What the task requires ::
Wherever pictures appear in the listing below, leave them out, and copy exactly, and only, everything from the line with "Carte Postale Chat (Devant / Derrière)" down to the line with "Herons Creek NSW 2443".

Extracted data ::
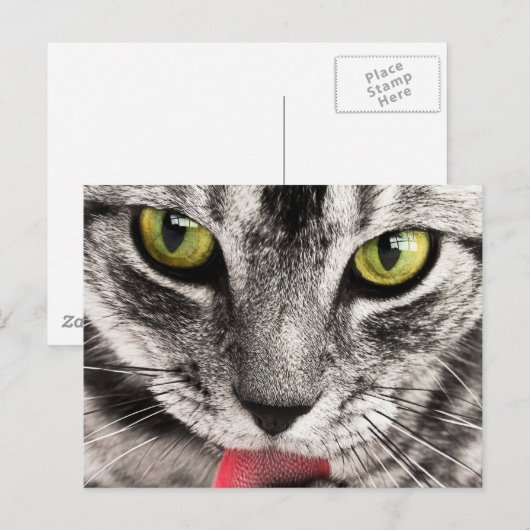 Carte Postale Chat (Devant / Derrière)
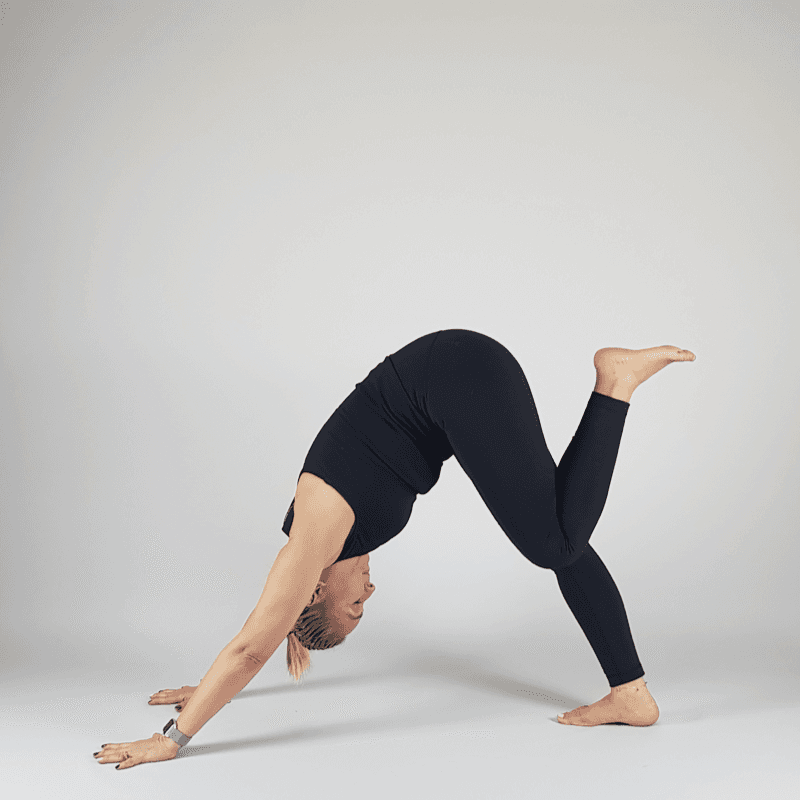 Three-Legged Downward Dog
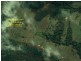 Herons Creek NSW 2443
---
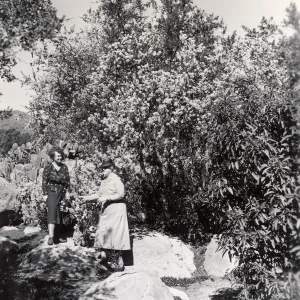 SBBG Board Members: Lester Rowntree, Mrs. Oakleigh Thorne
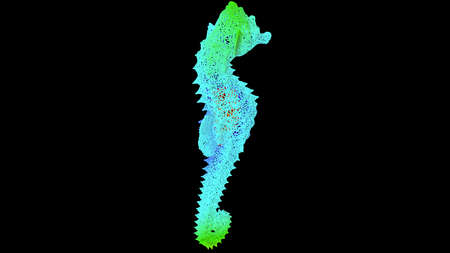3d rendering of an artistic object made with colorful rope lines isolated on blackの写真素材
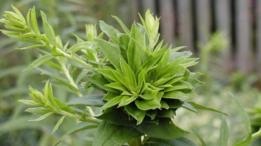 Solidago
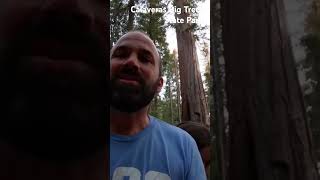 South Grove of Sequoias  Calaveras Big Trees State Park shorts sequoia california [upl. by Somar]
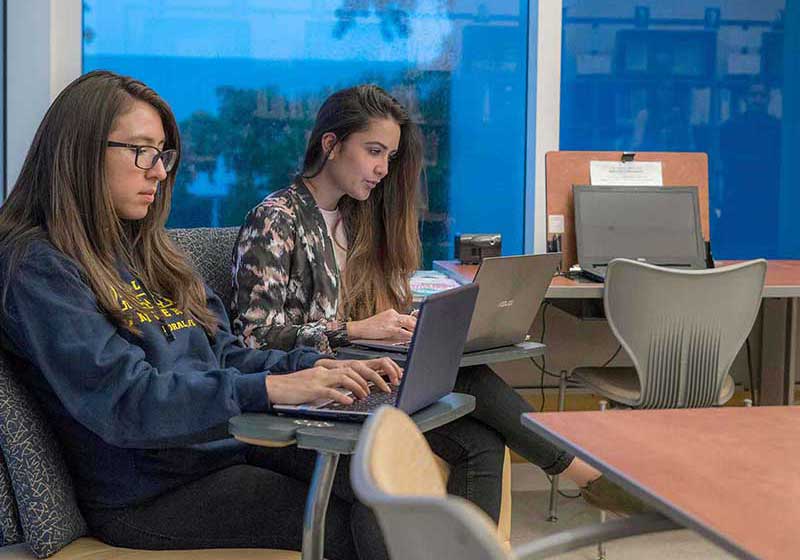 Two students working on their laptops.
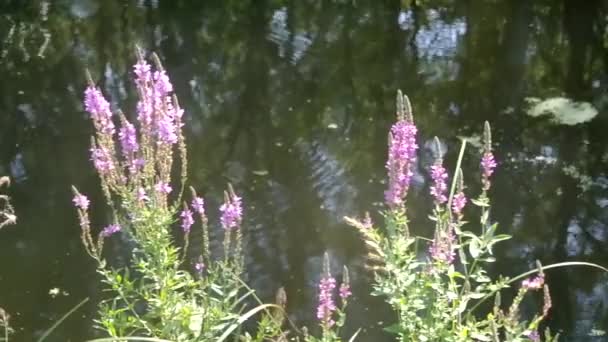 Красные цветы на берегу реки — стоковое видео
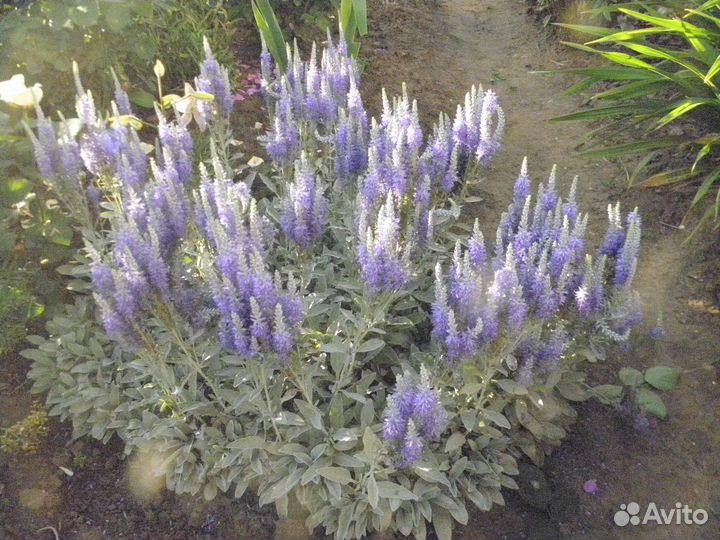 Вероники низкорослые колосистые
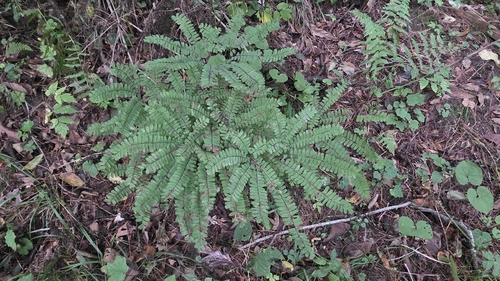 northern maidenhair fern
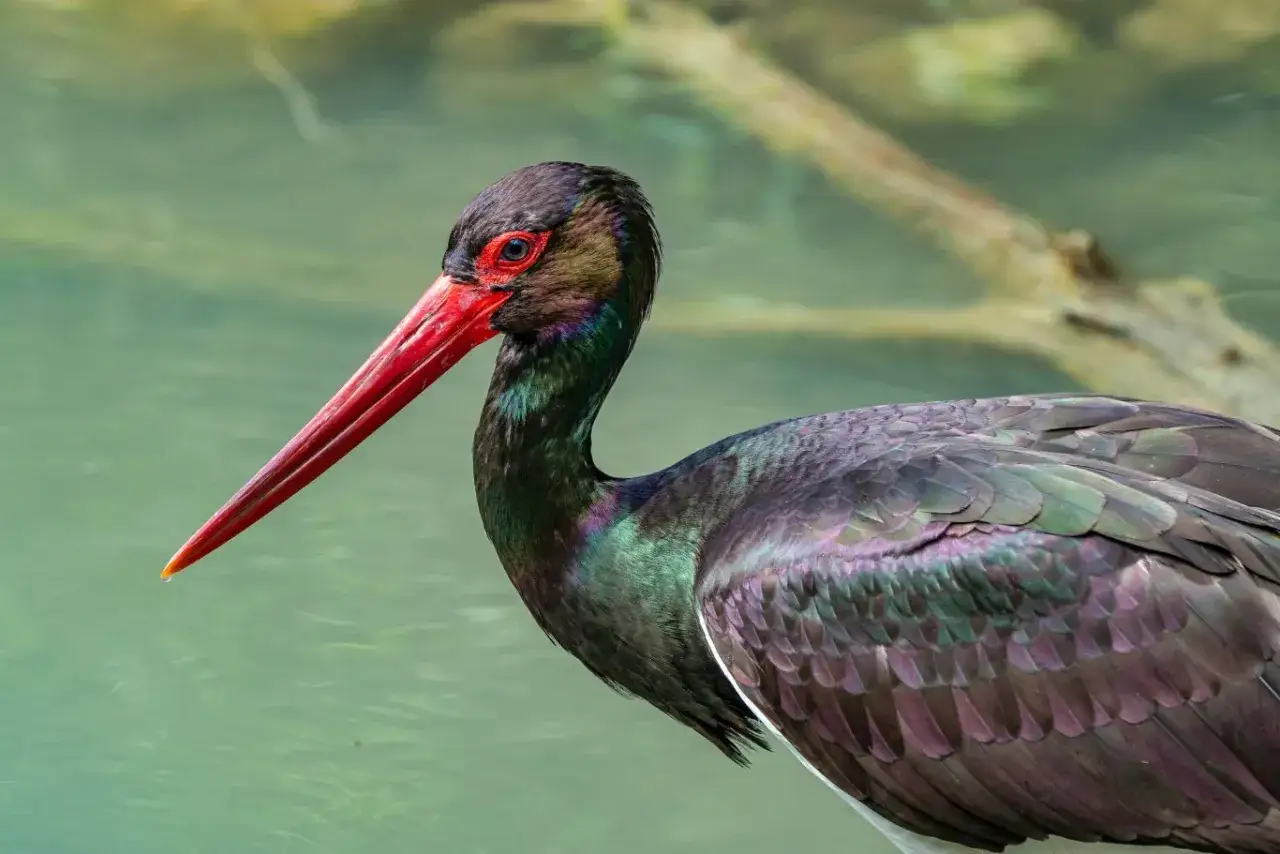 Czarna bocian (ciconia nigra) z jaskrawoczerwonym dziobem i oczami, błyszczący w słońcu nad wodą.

Finished task ::
 Carte Postale Chat (Devant / Derrière)
 Three-Legged Downward Dog
 Herons Creek NSW 2443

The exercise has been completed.